Joshua biedt minimale maar heldere beeldtaal: gezichtsuitdrukkingen in een enkel streepje. Het valt op hoe de tekeningen inhoudelijk goed passen bij de tekst. In het verhaal van Maximiliaan, waarin 2+2 voortaan 5 blijkt te zijn, krijgen personages cijfervormige lijven toebedeeld. Boven- en zijaanzichten van objecten zijn in éénzelfde tekening gevangen; die vrijheid van kijken en tekenen past goed bij Samsons gekkigheid. De illustraties zijn afwisselend tussen de tekst en op aparte pagina’s geplaatst.
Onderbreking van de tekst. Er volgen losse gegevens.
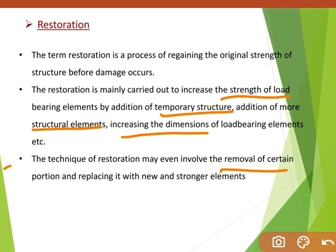For example, suppose your external wall plaster gets cracked. In that case, you remove the plaster and replace it with new, good quality plaster — that means you did the restoration of the plaster. Simply keep in mind that restoration is the process of taking any building element back to its original strength or original condition.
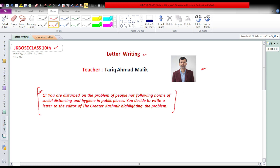You are disturbed by the problem of people not following norms of social distancing. So what do you do? You have decided that as a student you will write to the editor of Greater Kashmir, which is the leading English newspaper, and you want to highlight this problem.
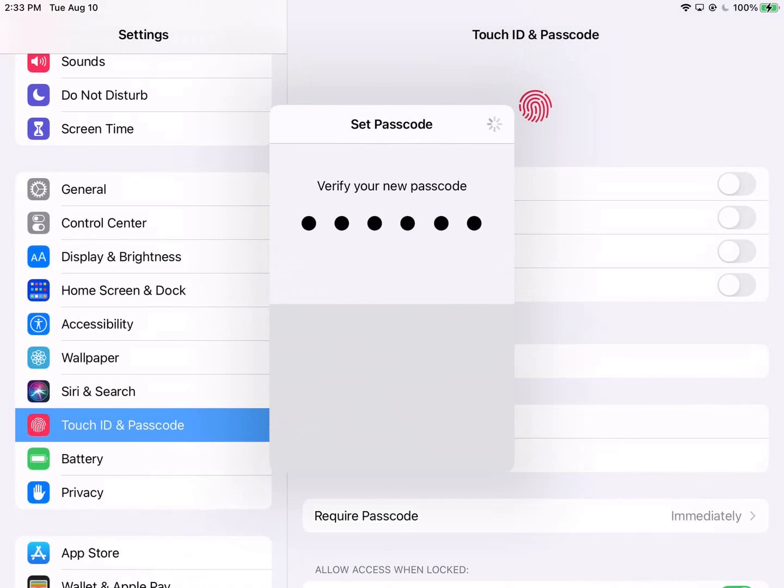Now let's go ahead and wait while the little circle spins. It's talking to the Apple servers.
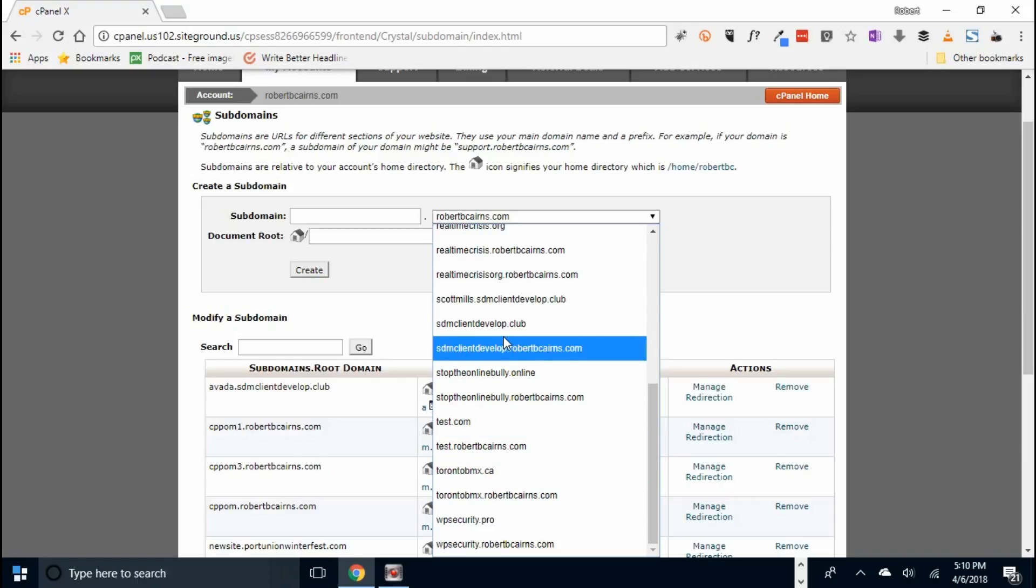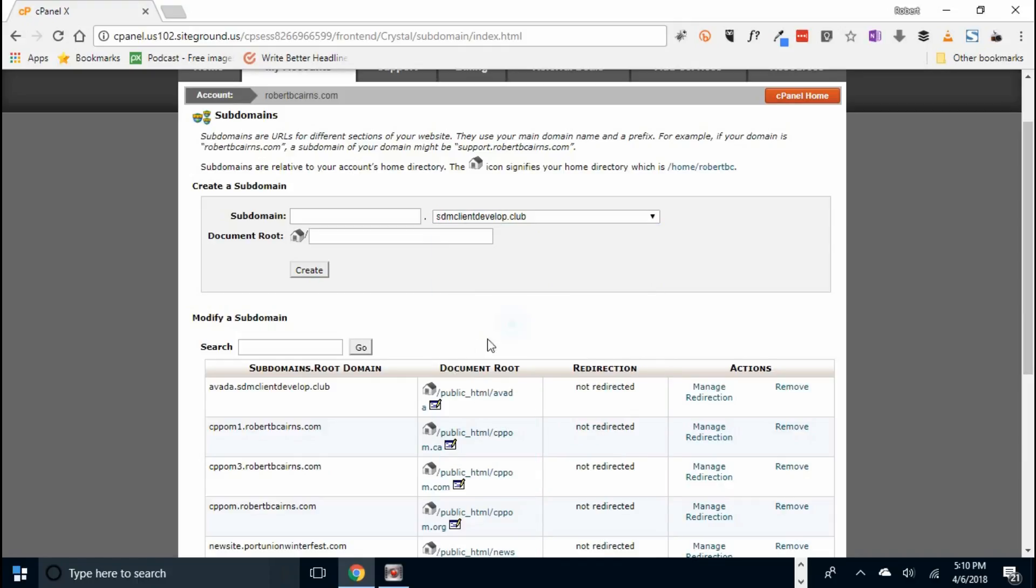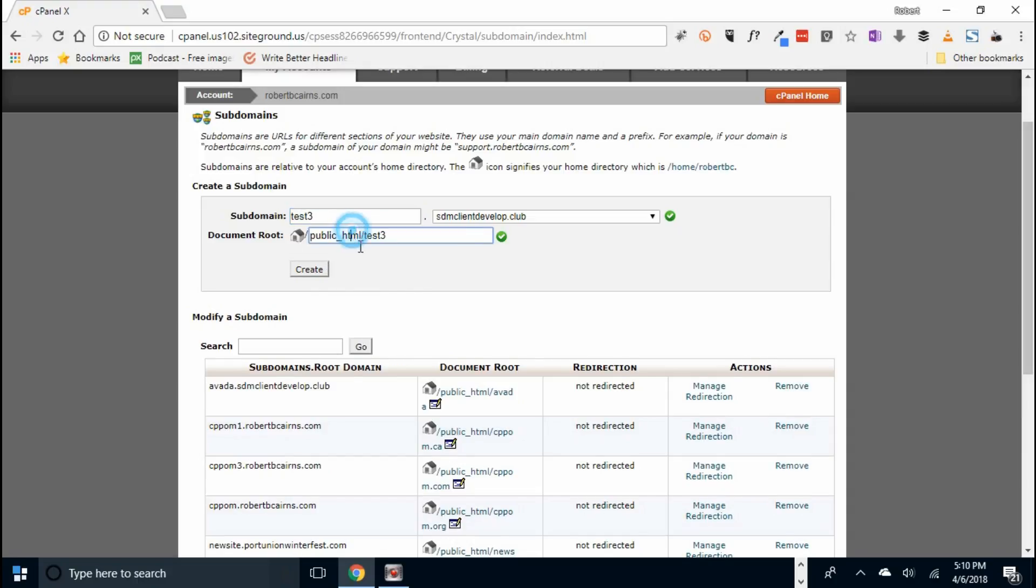So let's go to sdm-clients-develop, and we'll call this test3, and then by clicking here it fills in public html slash test3, which is the location of the domain, and let's click create.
Dat eerste werkt het sterkst, bij pagina’s met enkel tekening is er te snel de neiging om de pagina om te slaan.

Nog even over die grote mensen. Samson zet ze neer als fantasieloze en starre wezens. Met gefronste
wenkbrauwen wanneer zebra’s een voornaam blijken te hebben, en met steeds die non-logica ​
waarmee twee en twee vijf is. Voor een beetje vindingrijkheid moet je in Zeb. bij de jonge
hoofdpersonen zijn. Hoe vaak hoort een kind niet ‘omdat ik het zeg’ van zijn ouders? Los van alle gekte zal het boek voor menig jonge lezer (ik schat 8 of 9+) herkenbaar zijn. Voor een volwassene zou het niet misstaan om dit boek met zoon of dochter mee te lezen en zelf weer de broodnodige fantasie op te doen.

Hilde van Beek

Gideon Samson & Joren Joshua – Zeb. Leopold, Amsterdam. 96 blz. € 15,99.